──────── DATA TO USE ────────
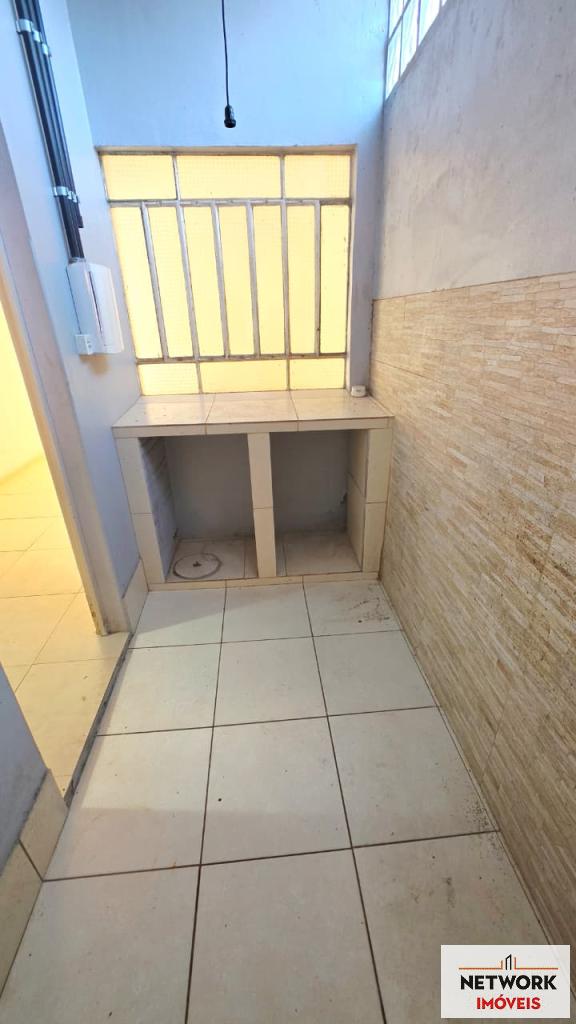 CASA CAS1231728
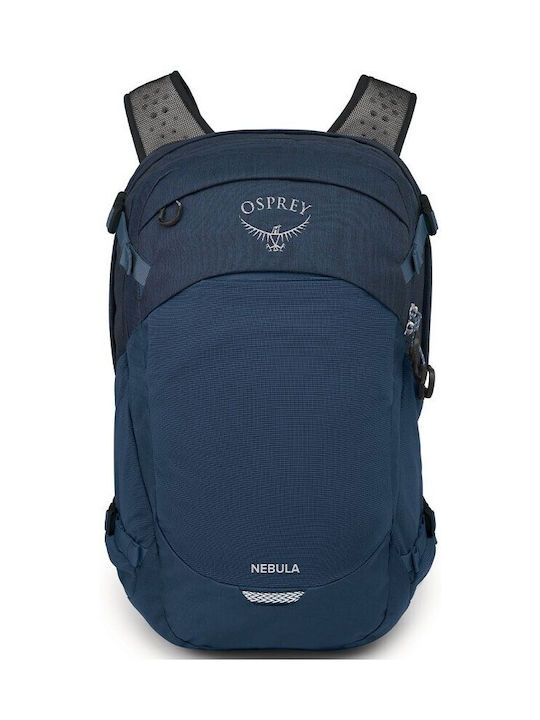 Osprey Mountaineering Backpack 32lt Blue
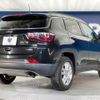 jeep compass 2019 CFJ1817017 image 19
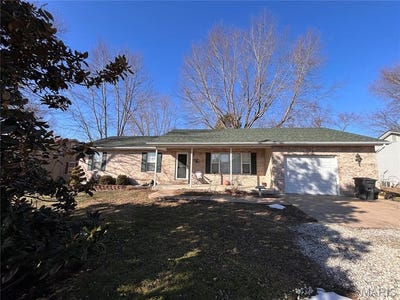 /international/us/702-shenandoah-avenue-cuba-mo-110107311577/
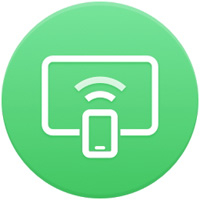 AirDroid Cast1.2.3.1
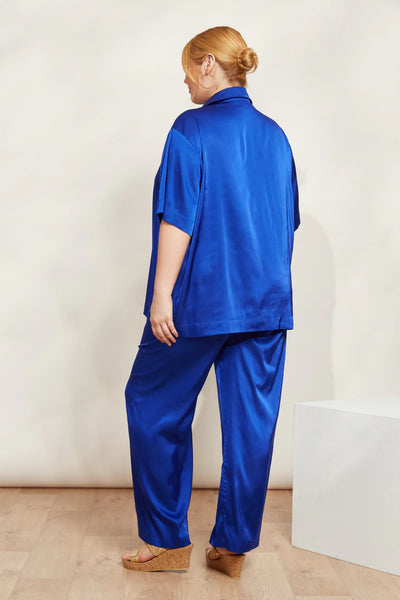 Elysian Top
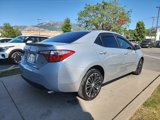 Used 2015 Toyota Corolla L image 5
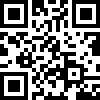 https://imna.ir/x7Yb5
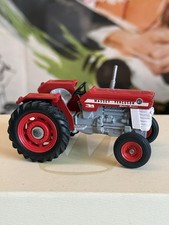 Corgi Toys 66 Massey Ferguson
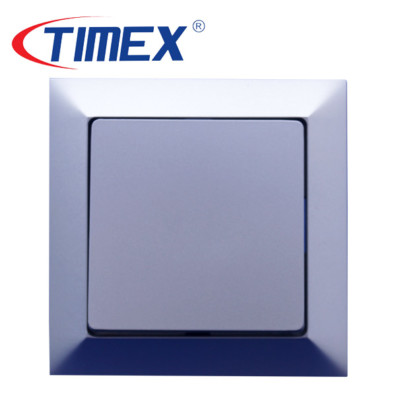 interruptor-simple-PREMIUM-10A-plateado-WP-1Pr-TIMEX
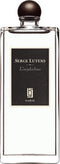 Serge Lutens L'Orpheline Eau de Parfum Spray 100 ml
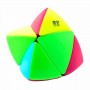 QiYi MoFangGe Mastermorphix 2x2 | Мастерморфикс 2х2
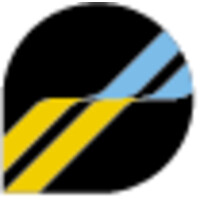 Corredores Viales SA logo - Similar company to Msa Security B.V.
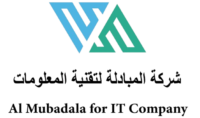 mubadalait.com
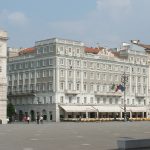 Trieste - terrorism charges for man allegedly sharing jihadist material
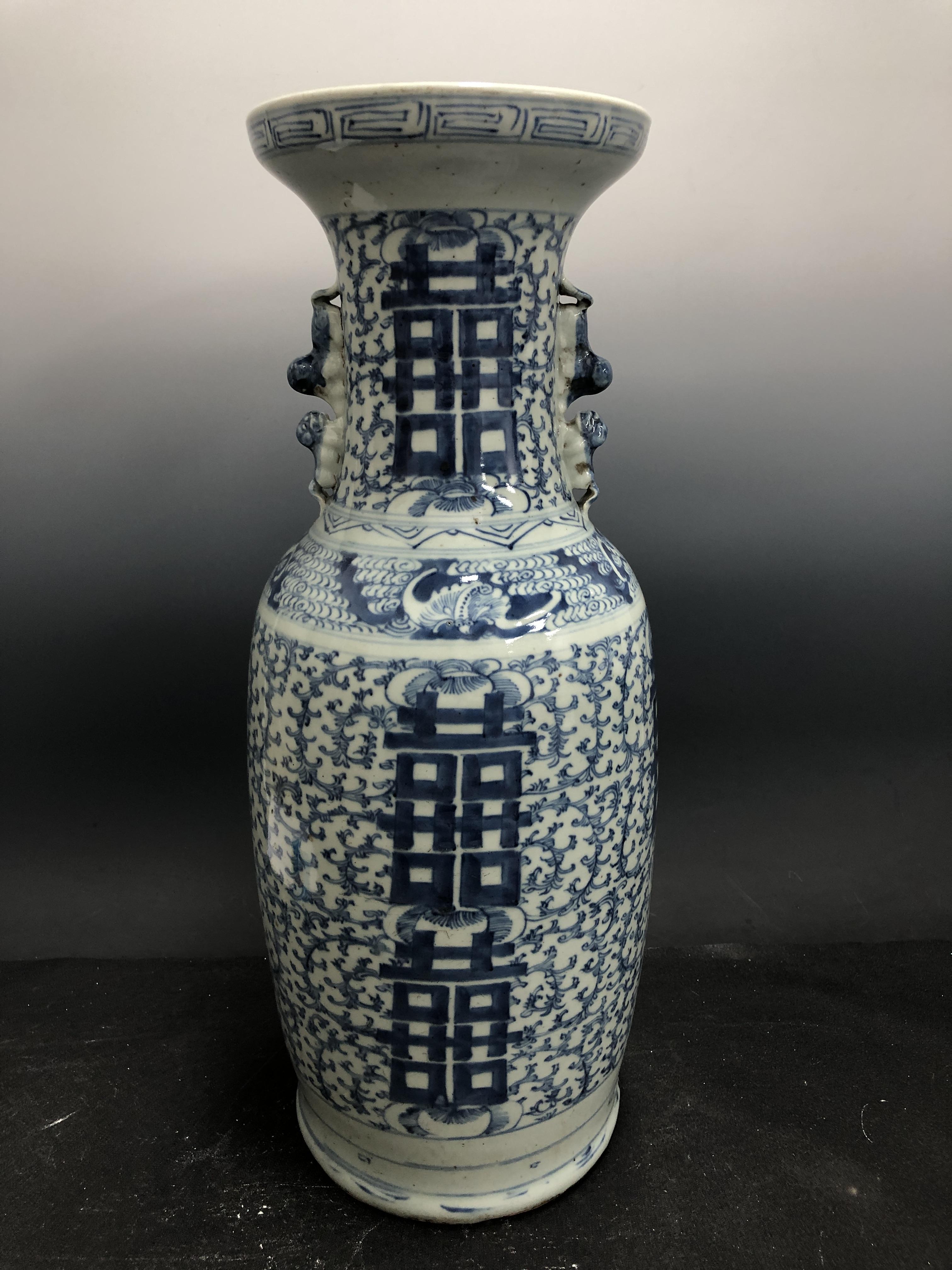 中国古玩 古美術 明時代 龍泉窯 天龍寺青磁三足香炉 大型 唐物  茶道具 中国古玩 古美術 明時代 龍泉窯 天龍寺青磁三足香炉 大型 唐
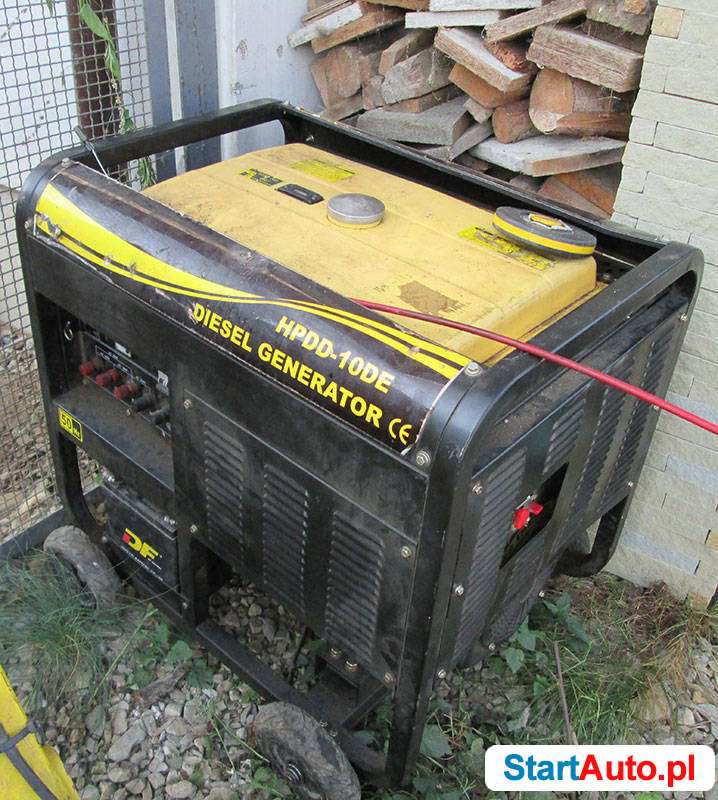 agregat-pradotworczy-diesel-rok-produkcji-0000-stary-sacz-492880888-2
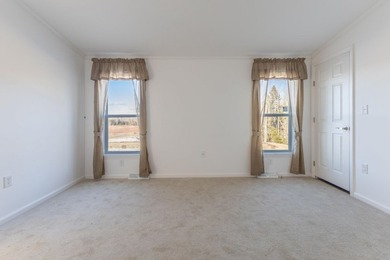 RENT TO OWN OPTION AVAILABLE.Welcome to Coastal Estates Mobile - photo 17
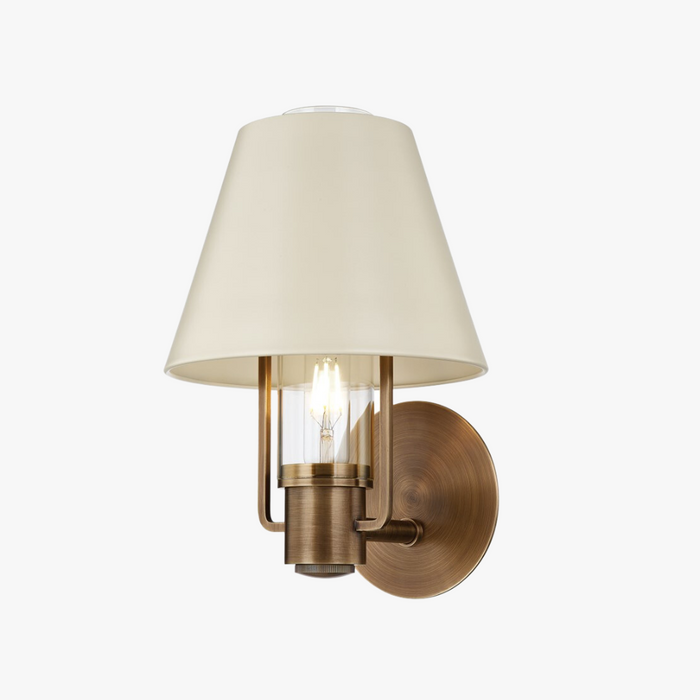 Kindle Wall Sconce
────────
TASK REQUIREMENTS ->
Write out every record exactly. Leave the pictures out.

FINISHED TASK ->
 CASA CAS1231728
 Osprey Mountaineering Backpack 32lt Blue
 jeep compass 2019 CFJ1817017 image 19
 /international/us/702-shenandoah-avenue-cuba-mo-110107311577/
 AirDroid Cast1.2.3.1
 Elysian Top
 Used 2015 Toyota Corolla L image 5
 https://imna.ir/x7Yb5
 Corgi Toys 66 Massey Ferguson
 interruptor-simple-PREMIUM-10A-plateado-WP-1Pr-TIMEX
 Serge Lutens L'Orpheline Eau de Parfum Spray 100 ml
 QiYi MoFangGe Mastermorphix 2x2 | Мастерморфикс 2х2
 Corredores Viales SA logo - Similar company to Msa Security B.V.
 mubadalait.com
 Trieste - terrorism charges for man allegedly sharing jihadist material
 中国古玩 古美術 明時代 龍泉窯 天龍寺青磁三足香炉 大型 唐物  茶道具 中国古玩 古美術 明時代 龍泉窯 天龍寺青磁三足香炉 大型 唐
 agregat-pradotworczy-diesel-rok-produkcji-0000-stary-sacz-492880888-2
 RENT TO OWN OPTION AVAILABLE.Welcome to Coastal Estates Mobile - photo 17
 Kindle Wall Sconce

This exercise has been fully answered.